The Japanese salaryman サラリーマン
Salarymen in Tokyo
Salarymen (and office ladies) at a nomikai in Kumamoto
Salarymen during rush hour at Shinjuku station
An essential part of the Japanese economy
Shinjuku station, 8pm: among the Japanese youths swearing the colorful latest fashions, a tide of men in identical suits and ties rushes in, briefcases and umbrellas in hand. The salaryman, the symbol of Japan's post-war economic success, is finishing another long day of work.
A lifetime commitment
The economic model built after the war consisted, at the level of employees and non-managerial executives, of recruiting "white-collar workers" straight from university, who would join one of the big Japanese companies and build their career. The salaryman was granted employment for life, with a very low chance of dismissal, in exchange for which they gave their complete loyalty to the company, with regards to other companies or even their family life. This model, although less prevalent since the crisis of the 1990s and the "lost decade", remains widespreas in the country.
The company as a center of social life
The salaryman's working hours are known to be long, easily reaching 12 hours a day. These long hours aren't the only link connecting the salaryman to their employer. Indeed, even after work is over, many of them participate in activities with colleagues, and every evening the busy streets of the Japan's cities see clusters of men in suits going to an izakaya to participate in a nomikai, or heading to a hostess bar. This sociability, found at the bottom of a glass of alcohol, has a
huge impact on the salaryman's family and social life outside work, as he often comes home on the last train and has just enough energy to go to bed before returning to the office early the next morning.

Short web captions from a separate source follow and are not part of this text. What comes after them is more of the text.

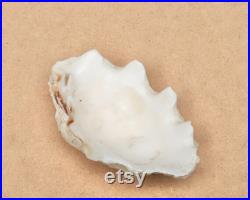 Coquillage ancien petit bénitier ou Tridacne, années 70 bohème chic, folk, nature, naturel, boho, porte savon, salle de bain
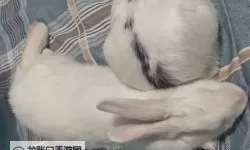 高清无删减！困困兔原版视频免费在线观看全景观看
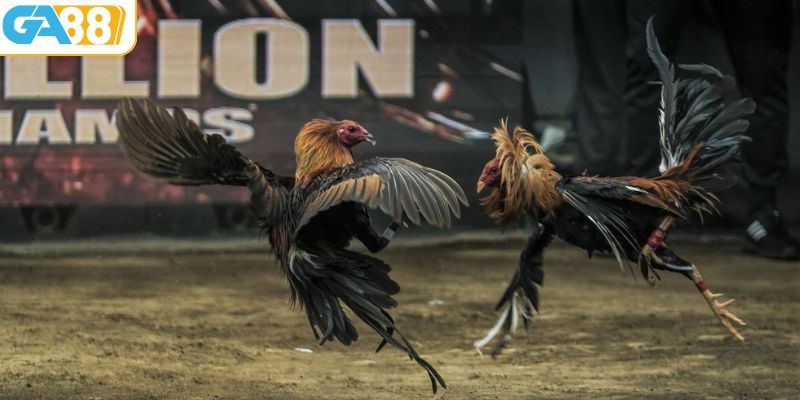 Sự phát triển đá gà Thomo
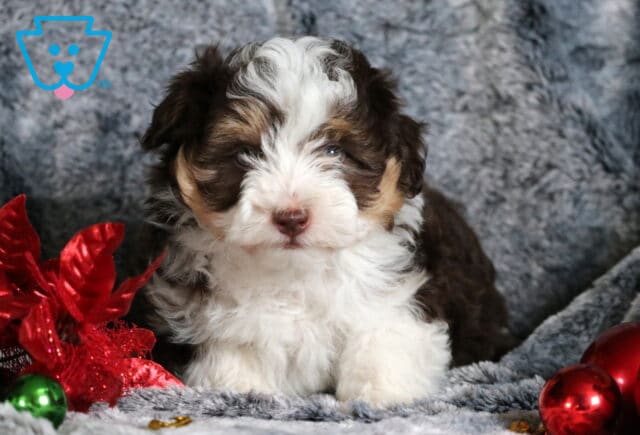 Brownie Mini Aussiedoodle image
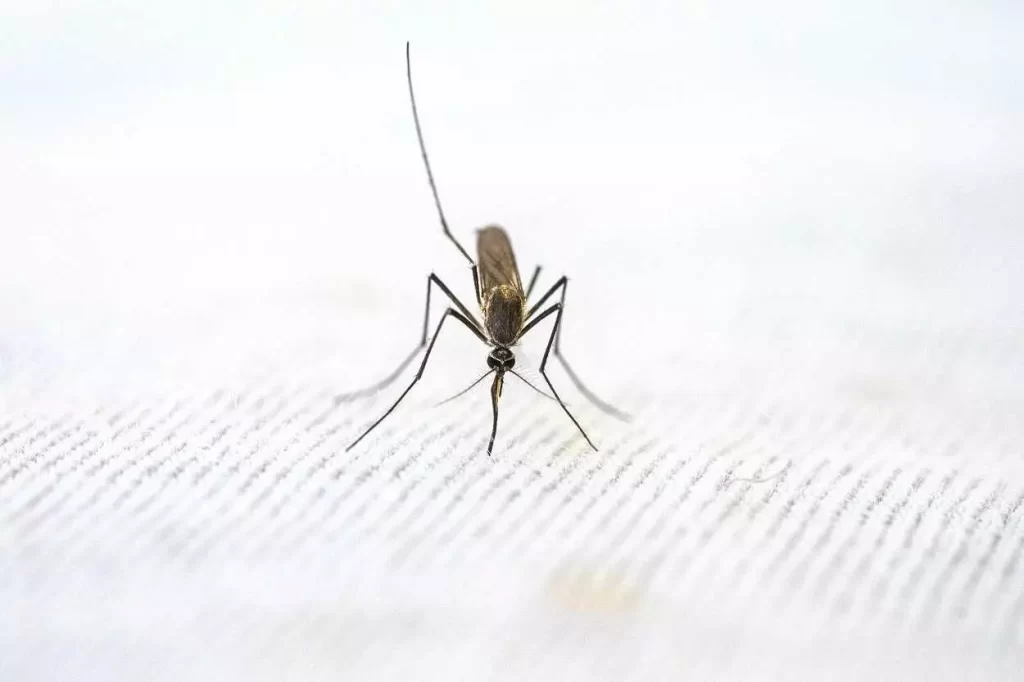 Em razão dos 749 casos confirmados da dengue, causada pelo mosquito Aedes Aegypti, Mariana decretou estado de emergência em saúde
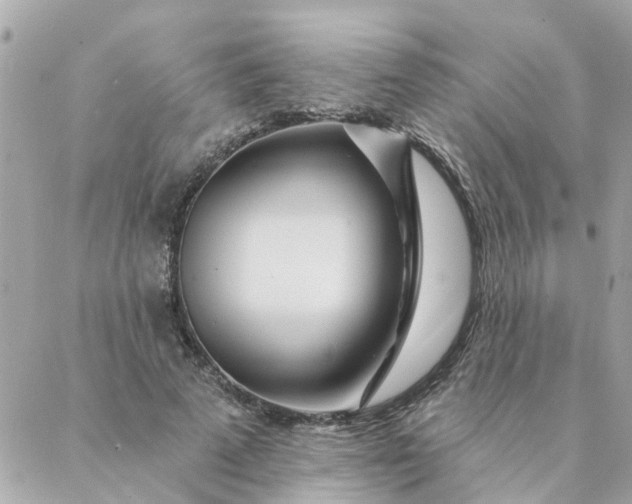 X0000087380689200705041946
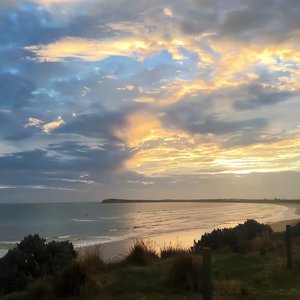 女人被添高潮免费视频
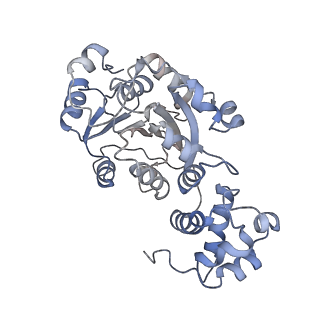 18183_8q63_B_v1-3
Cryo-EM structure of IC8', a second state of yeast mitochondrial RNA polymerase transcription initiation complex with 8-mer RNA, pppGpGpUpApApApUpG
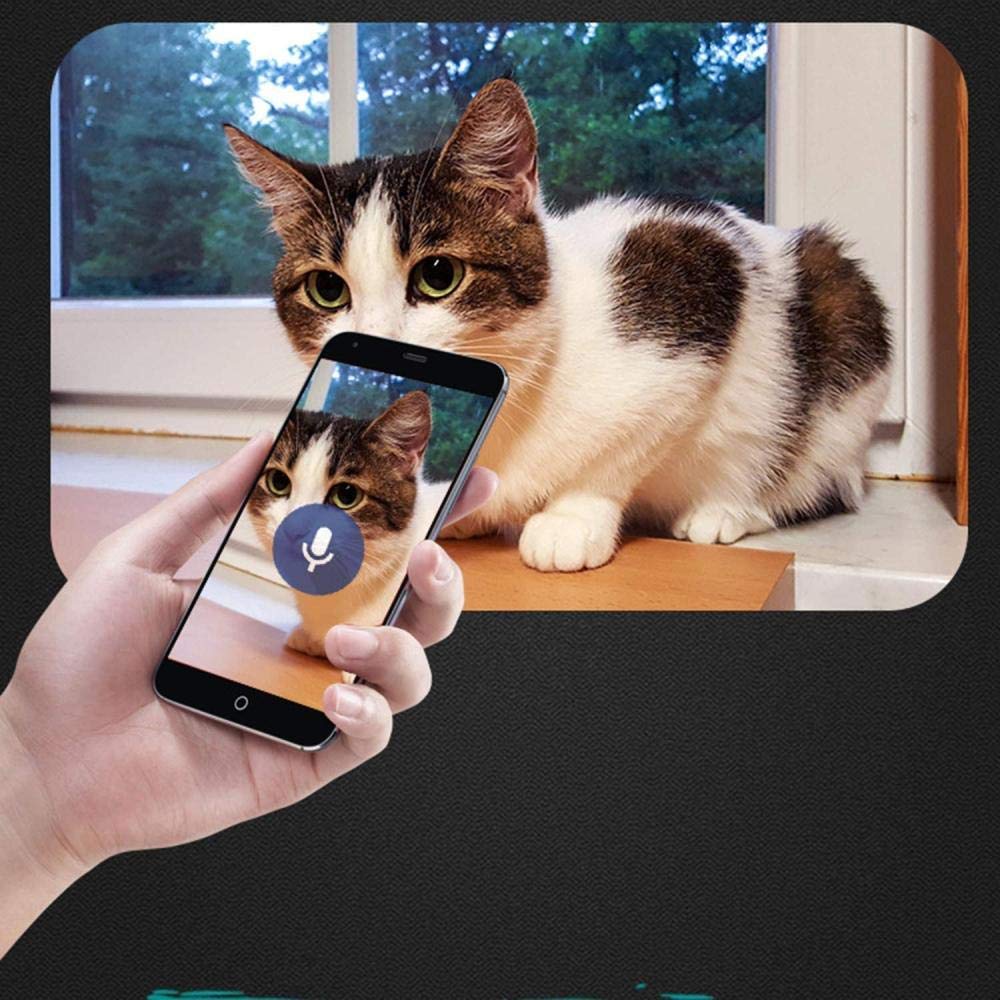 6L Alimentatore Automatico di Animali Domestici Dispenser per Alimenti Controllo App WiFi Videosorveglianza Registratore vocale Timer programmabile Staccabile per Cani e Gatti -Bianco
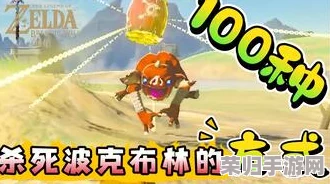 探索《塞尔达传说》奥秘：揭秘武者布林智慧之力的独特获取途径与策略解析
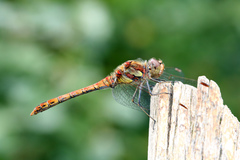 Sympetrum striolatum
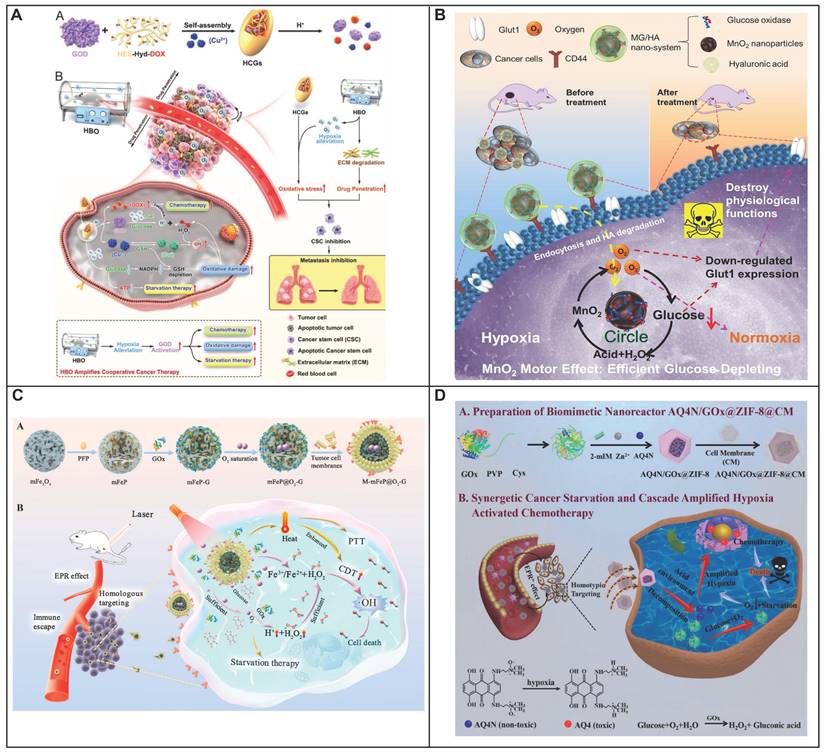 Theranostics Image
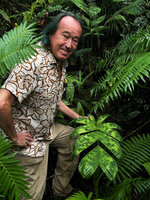 Patrick Blanc showing the spotted leaves of the juvenile Pinanga insignis in forest understory, Balinsasayao Twin Lakes, Negros Oriental, Philippines, Jan. 2025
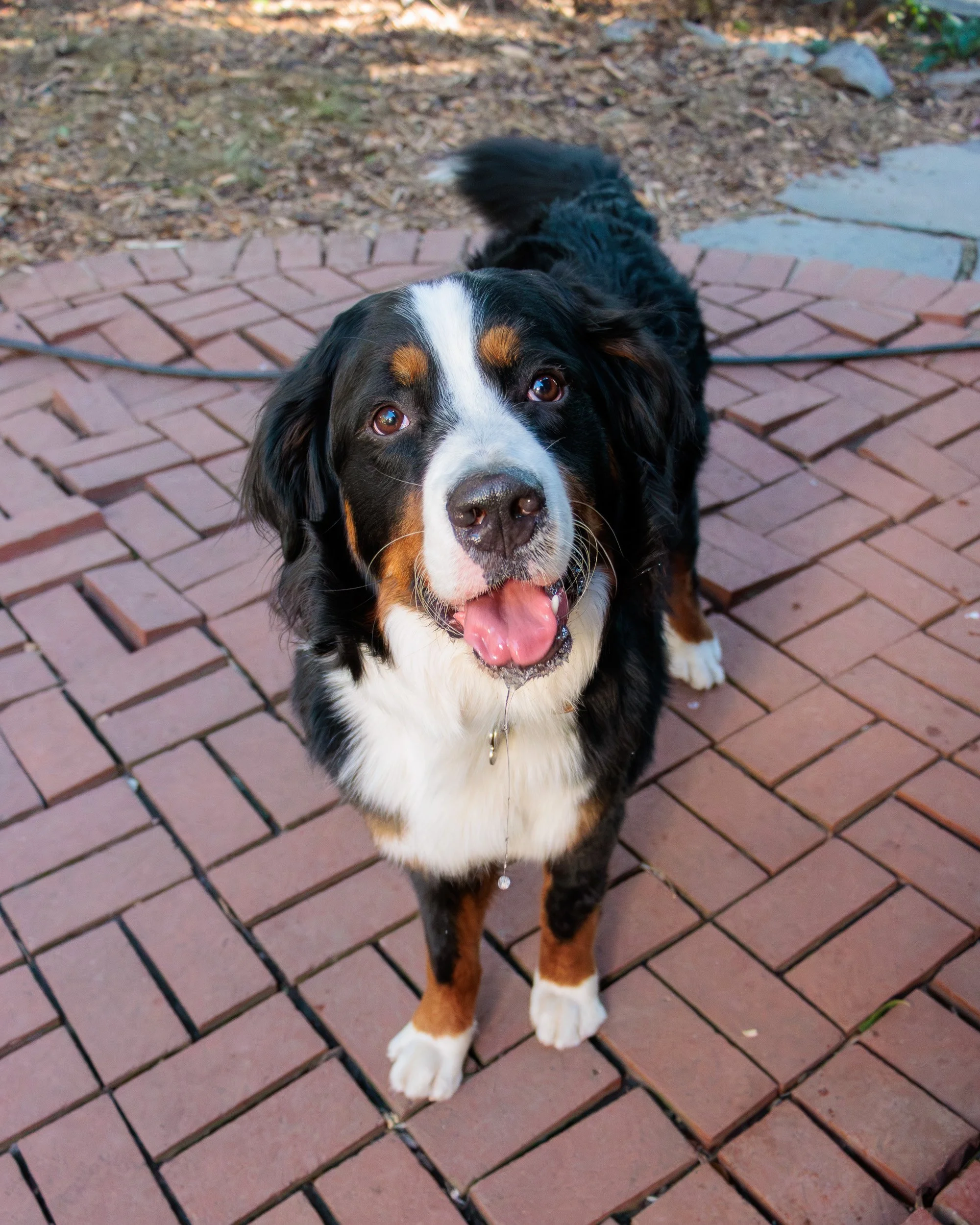 Sit, Stay, Smile with Dog Trainer ATL-32.jpg
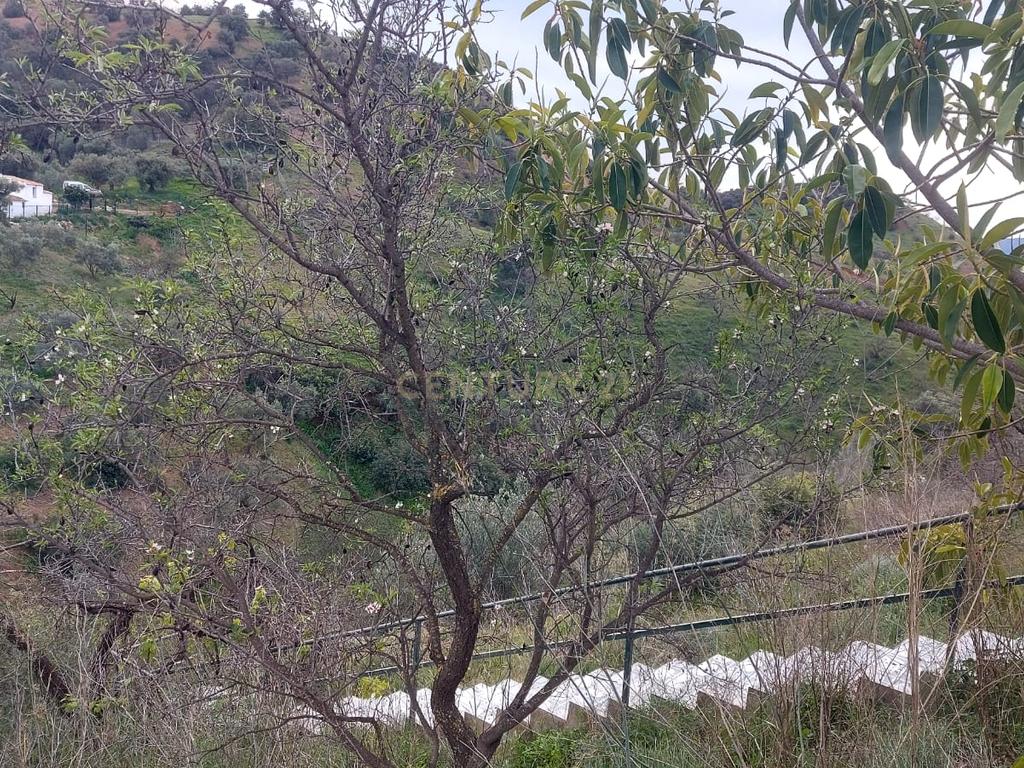 undefined - Image 48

The salaryman in Japanese culture
In Japanese culture the salaryman is often an object of ridicule or even contempt. He is seen as a mindless soldier with a bland personality, nonexistent outside his professional circle. This negative image particularly developed from the bursting of the housing bubble and the so-called "lost decade" of the 1990s, during which becoming a salaryman looked far less appealing to the younger generation, who began to question the system and look for alternative ways to live and work.